If I could only keep one, I think I would go the cool white.
Six adjustable levels are sweet.
Nice balance of throw, spill for my needs.
Tailstand is stable.
Nice size, ease of use.....

The cool white nudges my warm white only on the fact I occassionally need a bit more throw at the cabin for checking stuff at the lake at night.

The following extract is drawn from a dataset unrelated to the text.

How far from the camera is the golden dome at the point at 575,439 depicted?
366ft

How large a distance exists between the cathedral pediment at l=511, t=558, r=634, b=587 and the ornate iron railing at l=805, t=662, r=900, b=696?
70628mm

This light has really spoiled me for others. I "think" I could use an E1L or E2L, more for times when the light might get abused, and I wouldn't want to take the SPY there ( Caving). Not serious caves, but enough to have fun in. AND, either of the EnL's make better loaners.


----------



## Ian2381 (Feb 22, 2010)

Titanium MiNi AA. Everything I need in a small package.:twothumbs


----------



## bigsteve (Feb 22, 2010)

I have just got my new sr90 and its a great light so i would keep that one:thumbsup:


----------



## choombak (Feb 22, 2010)

I've found Peak LED lights to be very reliable, functional and well-built. The Eiger (in brass) taking a AAA is a perfect EDC for me.

-Amarendra


----------



## TKC (Feb 23, 2010)

*If I only had to have 1 flashlight, it would be my McGizmo Haiku.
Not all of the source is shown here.